→ **What you have to do**
The answer must consist solely of the lines from the one containing "ＢＭＷ ５シリーズ ５２３Ｄ" through the last line of the records, set down exactly and without any pictures.

____

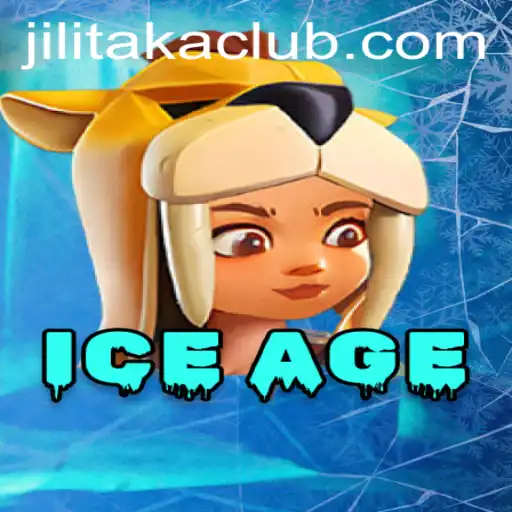Unleashing Adventure in 'IceAge': The Thrilling Journey of Jilitaka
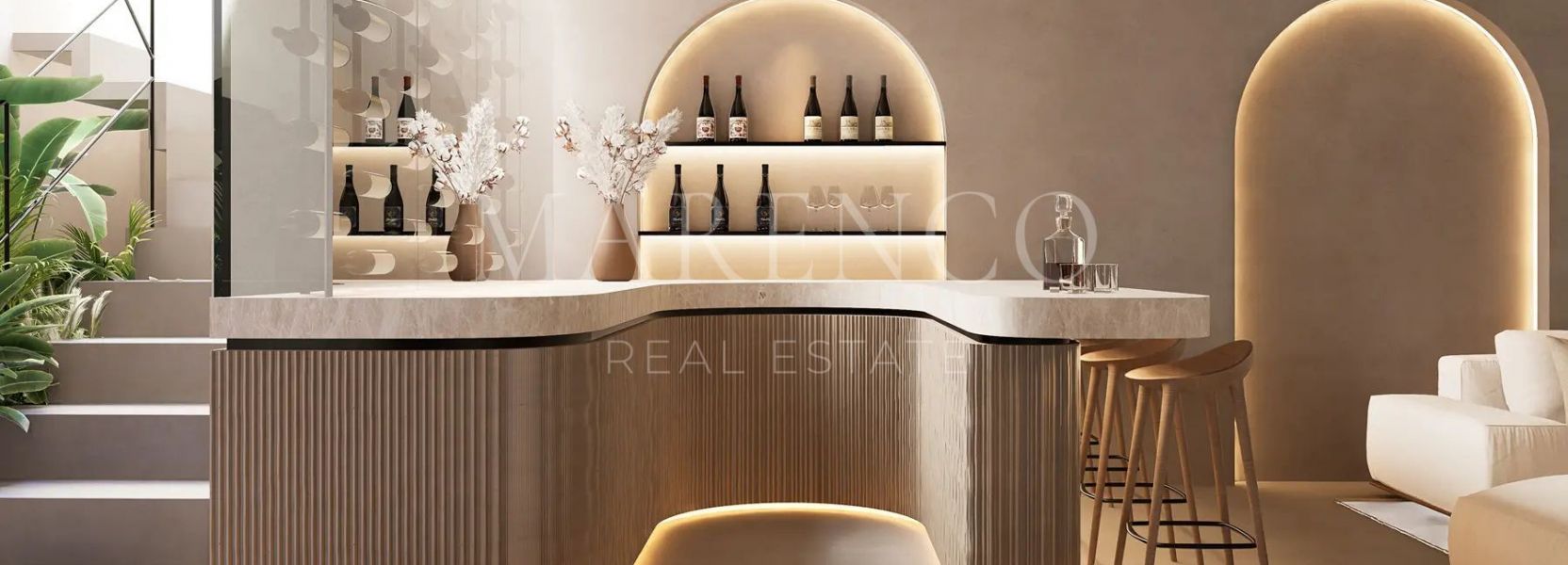 Terrain  à Las Brisas del Golf, Nueva Andalucia, Marbella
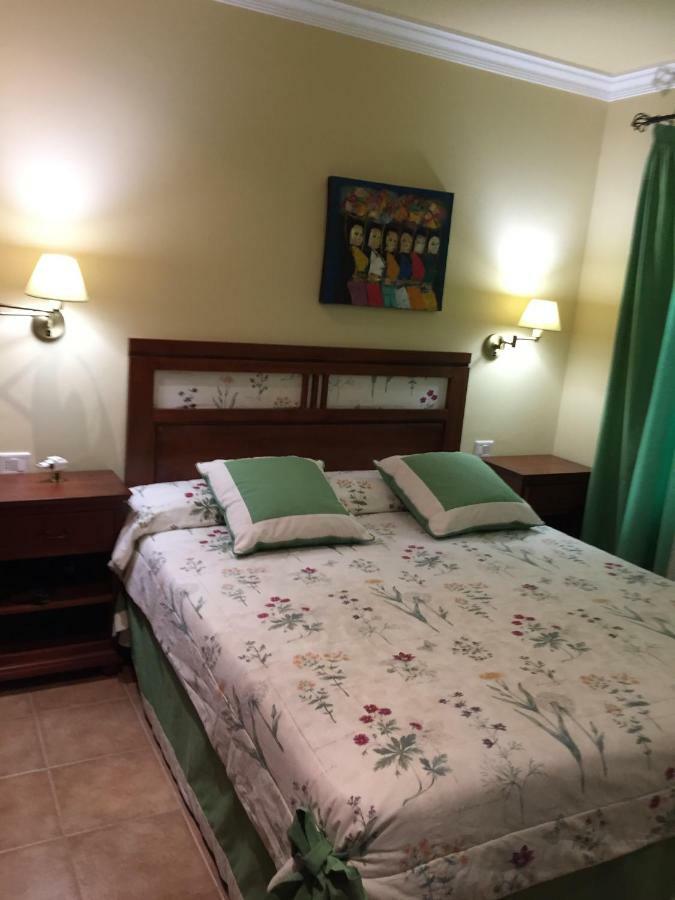 Apartamento El Muelle Arrieta  Εξωτερικό φωτογραφία
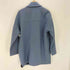 シャリーフ SHAREEF WOOL MELTON MIDDLE COA メンズ JPN:2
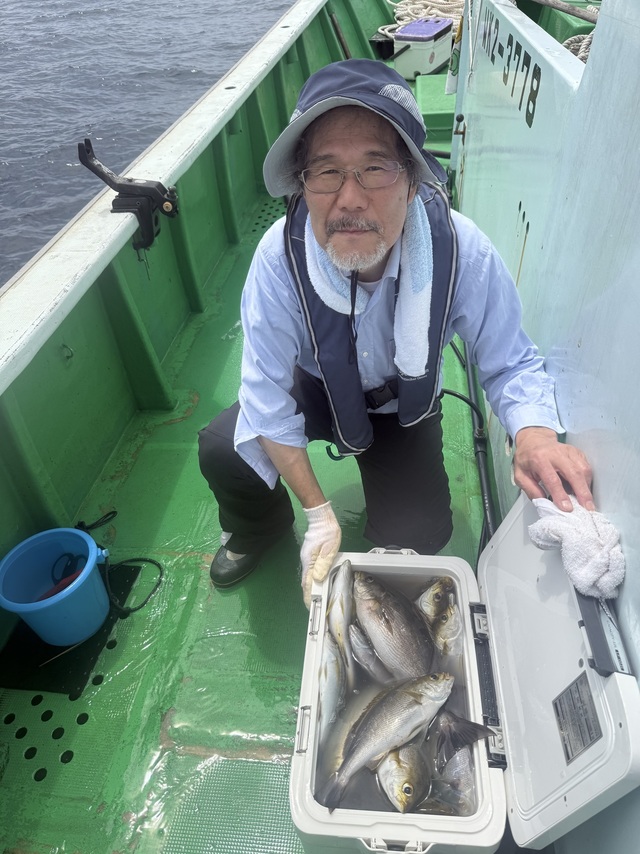 イサギ(イサキ)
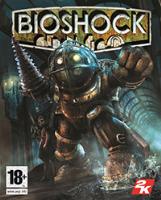 BioShock (PC) DIGITAL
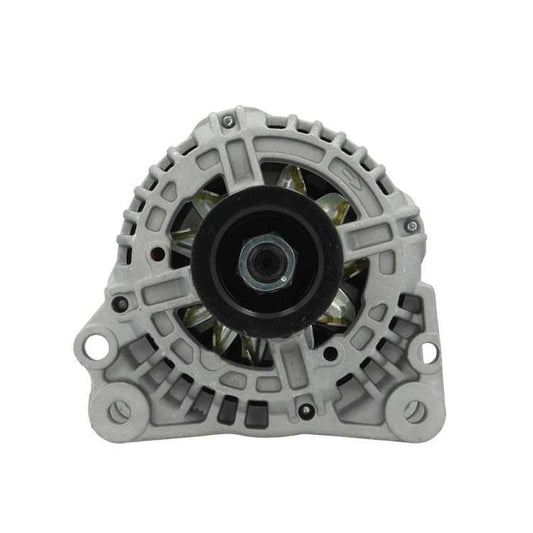 PlusLine Original Alternator for John Deere 70A 0124315042+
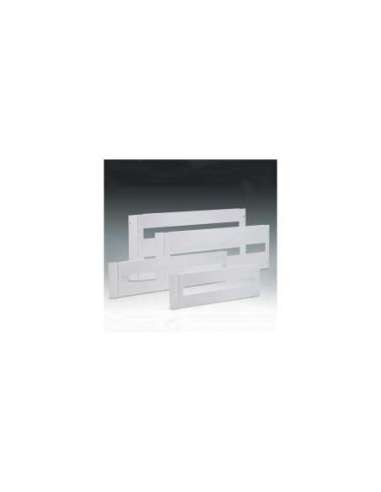 TAPA METÁLICA MODULAR ABISAGRADA 300x800 MM 2x33 MÓDULOS - A000787950 IDE TMA3080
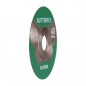 Disque de coupe diamanté DISTAR Butterfly Ø 45 × 0,6 mm – Pour meuleuse Proxxon LHW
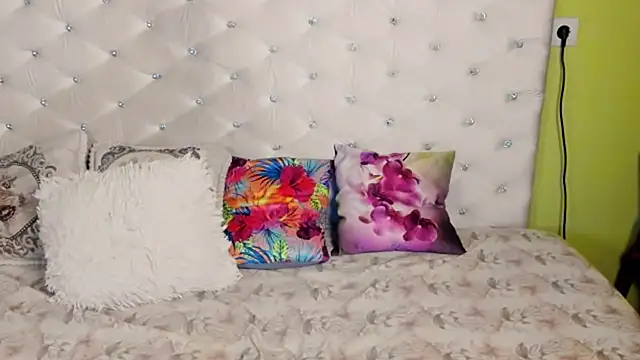 DoraMay online show from March 2026 09:26:02 PM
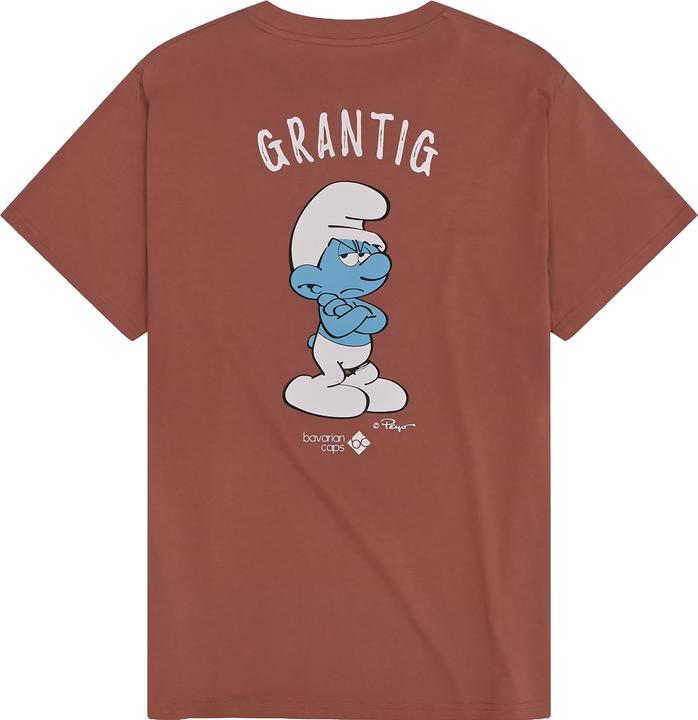 Produktbild Bavarian Caps Grantler Klub: Muffi (M)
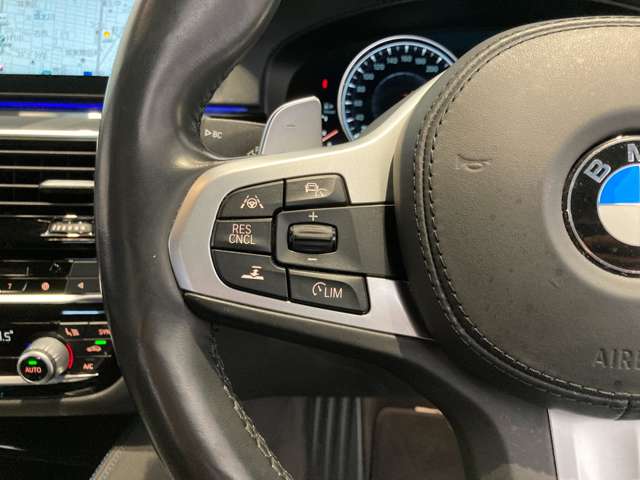 ＢＭＷ ５シリーズ ５２３Ｄ エディション ＭＩＳＳＩＯＮ ＩＭＰＯＳＳＩＢＬＥ ディーゼルターボ H30年 (近畿) 99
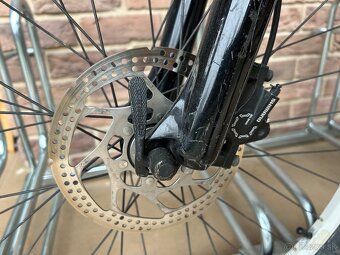 Horský bicykel SCOTT - 2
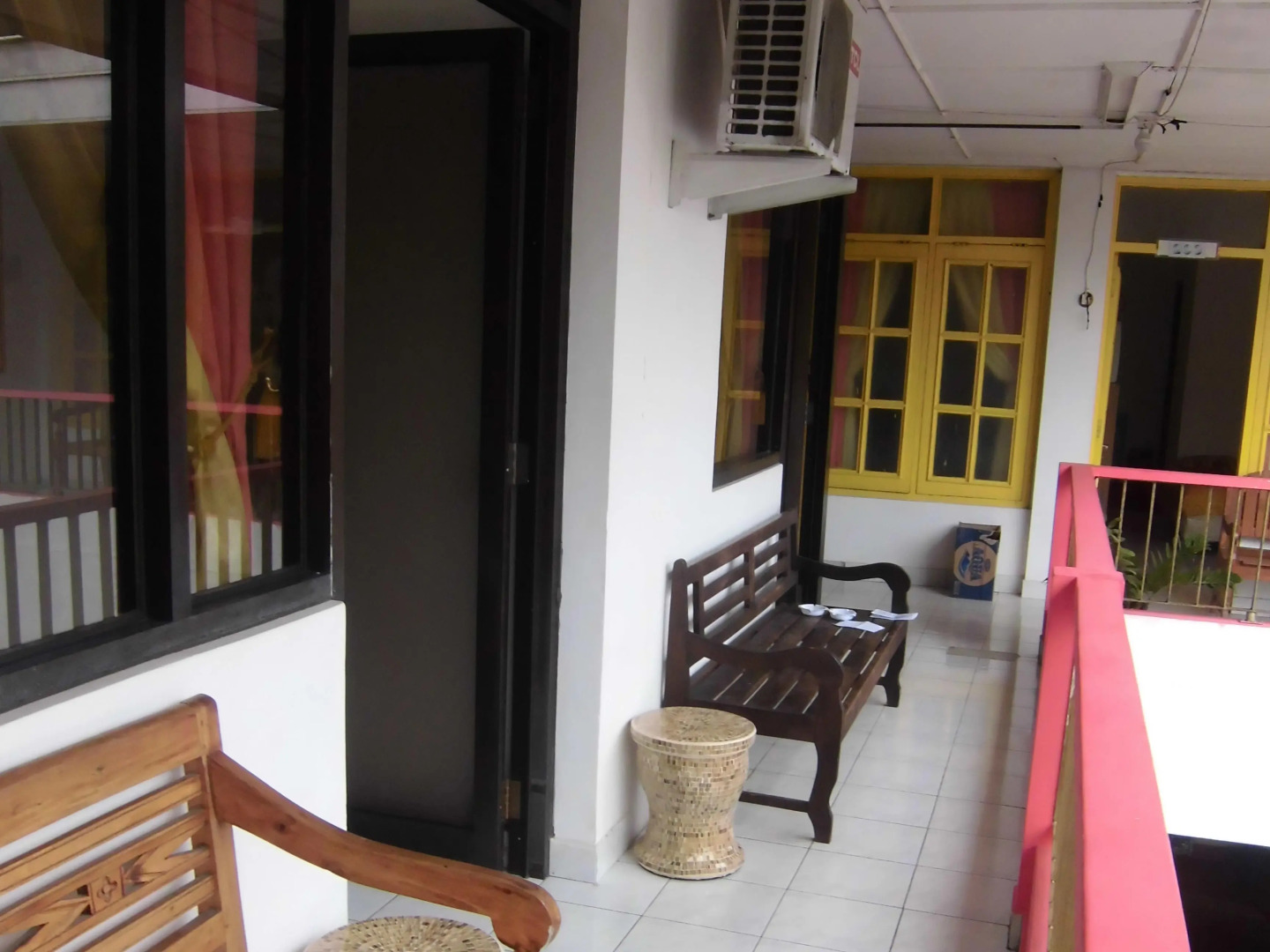 Ki Agung Prestise Hotel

____

→ **Written reply**
 ＢＭＷ ５シリーズ ５２３Ｄ エディション ＭＩＳＳＩＯＮ ＩＭＰＯＳＳＩＢＬＥ ディーゼルターボ H30年 (近畿) 99
 Horský bicykel SCOTT - 2
 Ki Agung Prestise Hotel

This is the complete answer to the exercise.